全身が熱くなり、魔力が炎のように燃え上がるのを実感する。
(だが──足りねぇ)
クルーガーは内心でつぶやいた。
並のモンスターなら瞬殺できるレベルの魔力だが、氷の王はおそらく次元が違う。
クルーガーがどれだけ魔力を高めても、それだけで倒せるほど甘い相手ではないだろう。
「だから──」
「わたしだって……SSSランク、ですものね」
アンが静かにつぶやいた。
「うろたえてすみませんでした。援護します」
ようやく動揺から立ち直ってくれたようだ。
「へっ、それでこそだ」
「『ルーンギア』!」
アンの錫杖から青い輝きがあふれ、クルーガーを包みこむ。
魔力増幅の呪文だ。
「お、いいねぇ……みなぎってきたぜ!」
クルーガーが快哉の叫びを上げた。
「『トルネードボム』!」
竜巻の爆弾を十数発まとめて放つ。
護符と強化呪文で二重の増幅をかけた攻撃呪文は、
おおおおおおおおおおんっ!
すさまじい風圧と爆圧を炸裂させた。
「む……ぅっ……!?」
さすがの氷の王も、一瞬動きが止まった。
「今だ、レイア! アン!」
「『パワーギア』! 『スピードギア』!」
クルーガーの合図を受け、タイミングを完璧に合わせて、アンがレイアに身体強化の呪文をかける。
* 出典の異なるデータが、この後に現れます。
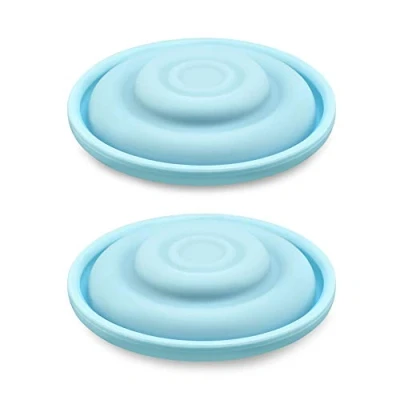 Abbildung von Maymom Silikonmembran kompatibel mit Spectra S1 S2, 9 plus Rückflussschutz und Rückflussschutz, lang, kurz mittel (blau)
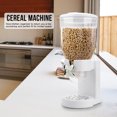 thumbnail image 4 of Ccdes Single Head Upright Cereal Oatmeal Multi-Grain Dry Food Dispenser Machine for Home Kitchen Countertops,Cereal Dispenser, 4 of 8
「ありがと、アン! あとは任せて──砕け散れ、デカブツっ!」
威勢よく叫んだレイアが三十メートル以上も跳び上がった。
気功武闘法──呼吸のコントロールによって、運動能力を倍加させる戦闘術。
SSSランクのヴルムと同じ技である。
レイアは彼と同等か、それ以上のレベルで自身のパワーとスピードを上げていた。
さらにアンの強化呪文の効果も上乗せし、空中で二段ジャンプ。
「はぁぁぁぁぁっ!」
気合とともに叩きつけた拳が、氷の王の頭を一つ砕いた。
「どうだっ!」
着地し、ガッツポーズを取るレイア。
「──まだだ!」
クルーガーがハッと叫んだ。
「っ……!」
同時に、レイアが跳び下がる。
一瞬遅れて、彼女が今までいた場所を氷の王の頭部が叩き潰した。
たった今、彼女に砕かれた頭部が。
「再生能力──」
クルーガーたちは同時に戦慄の声をもらす。
何度頭を潰されても復活するヒドラさながらに──。
この氷の王は自己再生能力を持っているようだ。
「ハードな相手だな、まったく……」
クルーガーはこわばった笑みを浮かべた。
※
「ここは──」
【ブラックホール】の中に吸いこまれた俺は、灰色の世界にいた。
以前にも一度来たことがある。
【虚空の領域】──【ブラックホール】の内部世界(?)である。
ただ、前とは少し風景が違う。
遠くには火山が連なり、全体的に温度が暑い。
じっとしていると汗ばむくらいだ。
さらに空には、
『ようこそ、虚空の領域・第二層へ!』
『名物の温泉もあるよ! ゆっくりしていってね!』
などとメッセージが浮かんでいる。
……温泉街みたいな場所なんだろうか。
と、
「きゃぁぁぁぁぁぁぁっ!? マグナくん、どいてーっ!」
悲鳴混じりの声が上空から降ってきた。
「えっ?」
振り仰げば、シャーリーが落ちてくるところだった。
「むぐっ!?」
俺はそのまま彼女を受け止め、もつれあって倒れる。
「いてててて……大丈夫か、シャーリー」
「あたしは平気……マグナくんこそ」
言ったところで、お互いの目が合った。
シャーリーが俺を押し倒したような格好だ。
すぐ目の前に凛々しい女騎士の美貌があった。
甘い息が、俺の顔に吹きかかる。
ち、ちょっと、これは照れくさいというか、恥ずかしいというか……。
「ご、ごごごごめんなさいっ」
シャーリーが頬を赤らめた。
「いや、俺こそ……」
俺の方も頬が熱い。
たぶん彼女と同じく、顔が赤くなっているだろう──。